Secondo il tono della voce, infatti, anche un’imprecazione può essere affermativa, interlocutoria o negativa. 5) Che la loro funzione, che il codice vorrebbe quali mezzo di ricerca della prova, si è imbastardita diventando una prova a sè, con il risultato di farle finire nel fascicolo processuale e quindi sui giornali. 6) Da ultimo, ma non ultimo, che se le intercettazioni sono pericolose per i dialoganti, sono addirittura nefaste per i terzi ignari e sprovvisti di difesa. Come accade oggi per l’onorevole D’Alema. Com’è avvenuto che l’inviolabile segreto delle conversazioni, solennemente protetto dall’articolo 15 della Costituzione, sia stato così stracciato e offeso? È accaduto per una combinazione perversa di mistificazione, di interesse e di viltà.
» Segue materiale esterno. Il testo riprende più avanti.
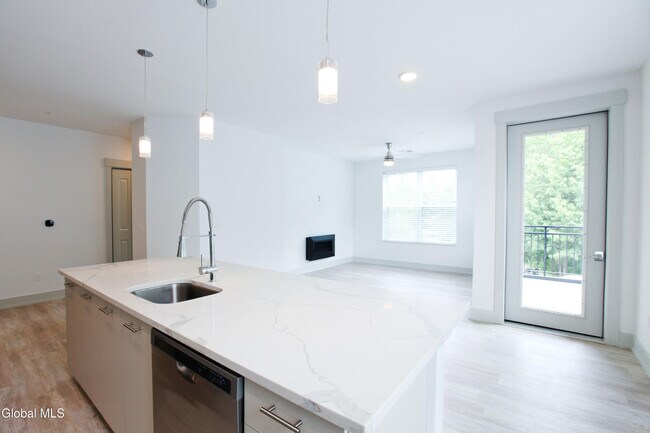 Building Photo - 25 Whistler Ct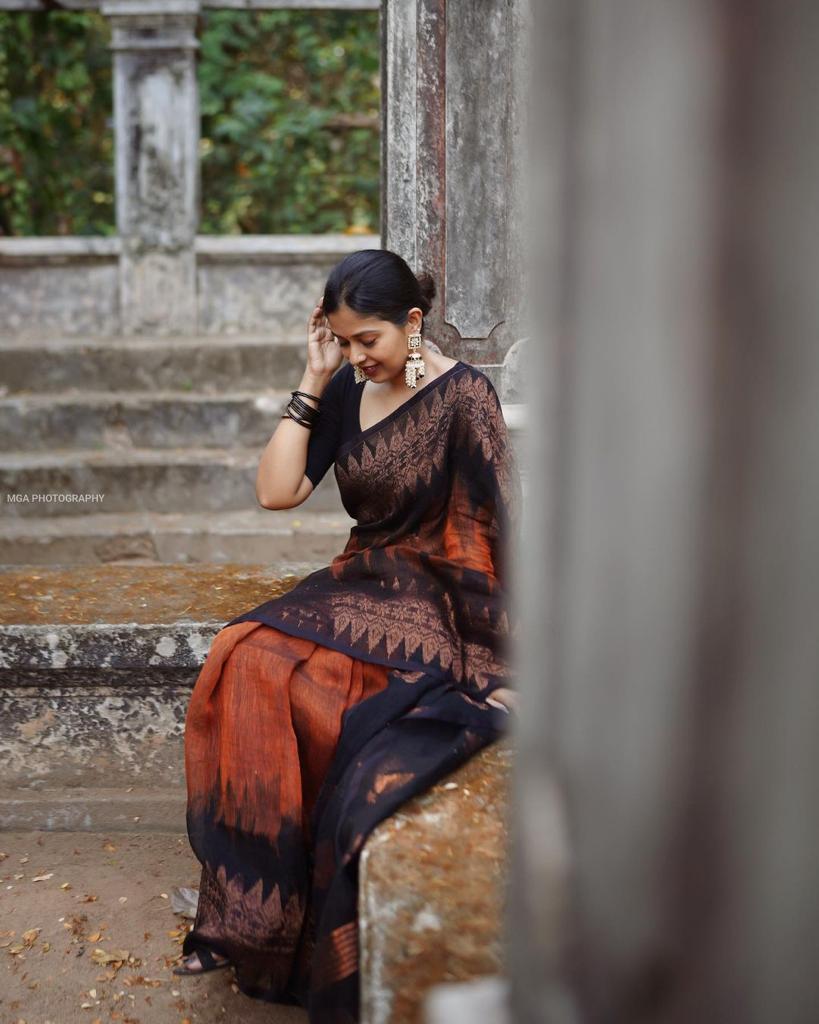 Black & Dark Saffron Golden Boarder  Banushree Pure Silk Saree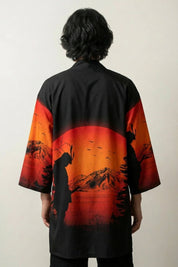 Happi Coat «Akai Yama» mit rotem Berg im Sonnenuntergang auf Schwarz, getragene Ansicht der offenen Festival-Jacke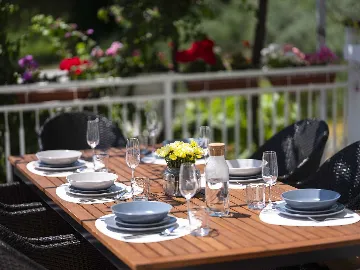 Zaton 5-Bedroom Villa for Up to 10 Guests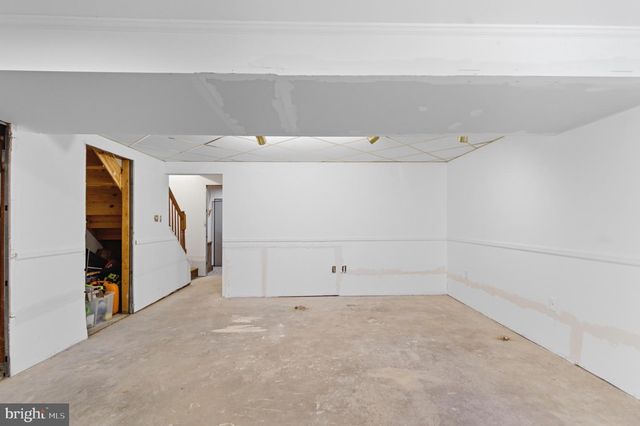 6940 MYERSVIEW DR, Middle River, MD 21220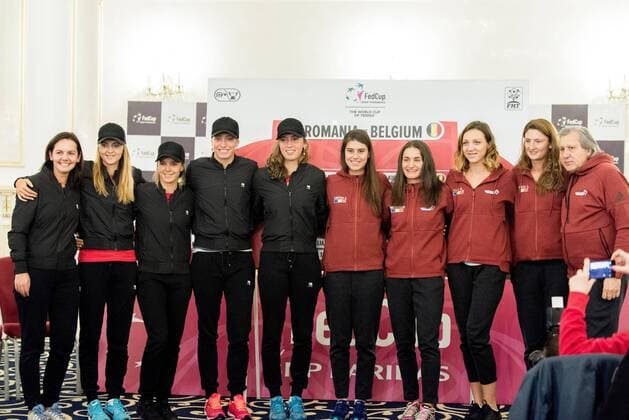 Tennis - press conference PK Pressekonferenz held at the drawing ceremony before FED Cup by BNP 2017 game between Romania and Belgium February 2017 February 10, 2017: The group photo: Belgium team L and Romanian team R during the Press conference held at the drawing ceremony before FED Cup by BNP 2017 game between Romania and Belgium at Hotel Intercontinental, Bucharest, Romania ROU. Foto: CronosFoto Catalin Soare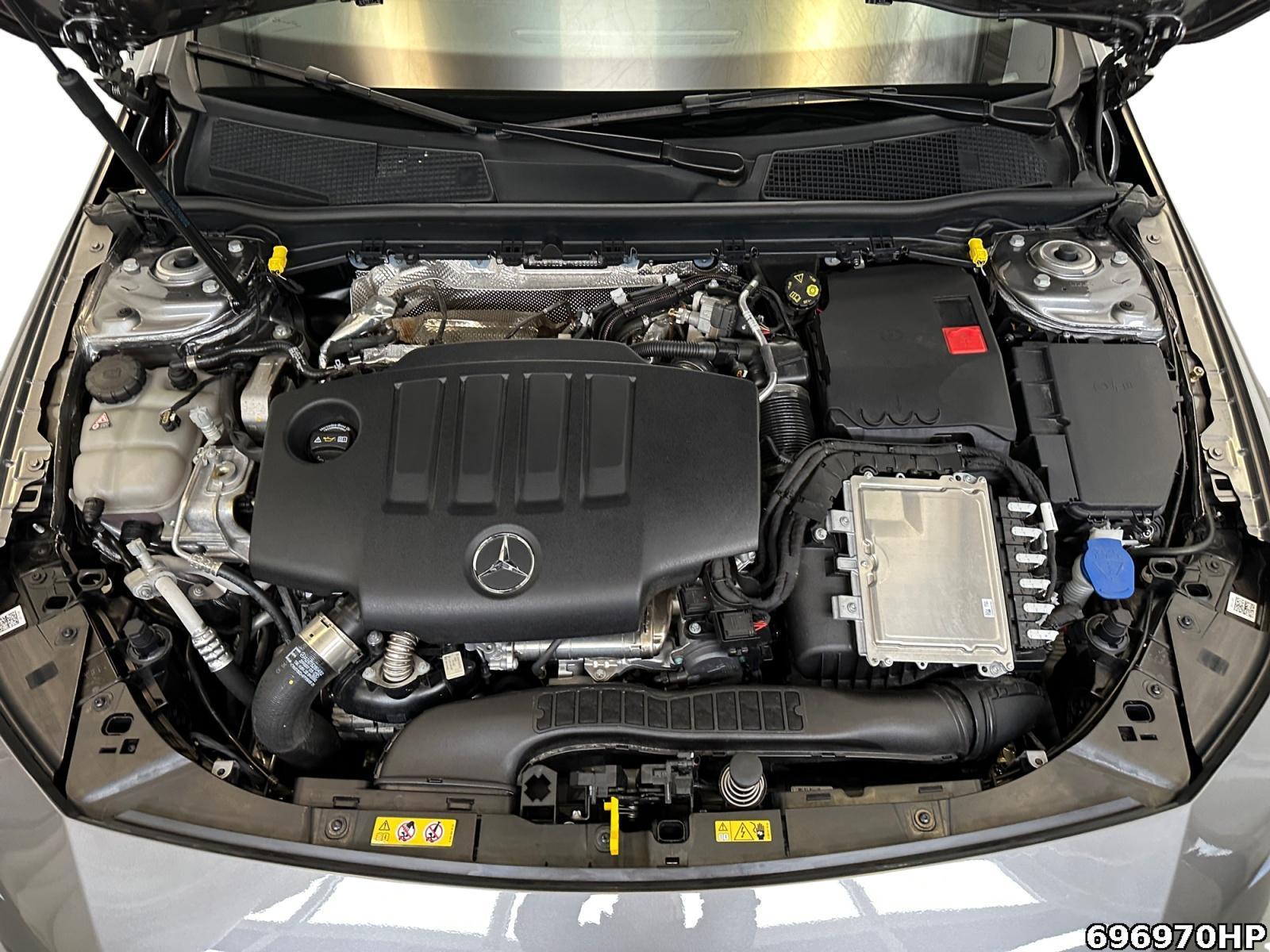 Fahrzeugabbildung Mercedes-Benz CLA 200 d AMG Night Pano BURMESTER DISTRONIC <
La mistificazione sta in chi illude i cittadini che le intercettazioni tutelino la loro sicurezza, e che senza di queste tante indagini nemmeno inizierebbero. Non è vero: le inchieste più importanti della nostra storia giudiziaria, quelle contro il terrorismo e le brigate rosse, si sono felicemente concluse senza una sola intercettazione utile. L’interesse sta in chi maneggia questo strumento abominevole per alimentare il coccodrillo nella speranza che esso mangi il proprio avversario, senza sapere che alla fine il coccodrillo mangerà anche lui. E la viltà sta in tutti noi, che abbiano accettato questa nefandezza senza un esame critico delle sue conseguenze civili e morali.
Forse perché, abituati per secoli all’umiliazione dei sudditi, non abbiamo ancora acquisito il vigore dei cittadini. Se dunque potessimo dare un consiglio al presidente del Consiglio, Matteo Renzi, diremmo questo: intervenga ora, con l’energia che gli è congeniale, usi lo strumento del decreto legge per eliminare questa porcheria. Le intercettazioni sono raramente indispensabili, talvolta utili e sempre insidiose.
Lo strumento tecnico per conciliarne l’(in)offensività con le esigenze investigative esiste già: sono le intercettazioni preventive, che funzionano benissimo contro il terrorismo.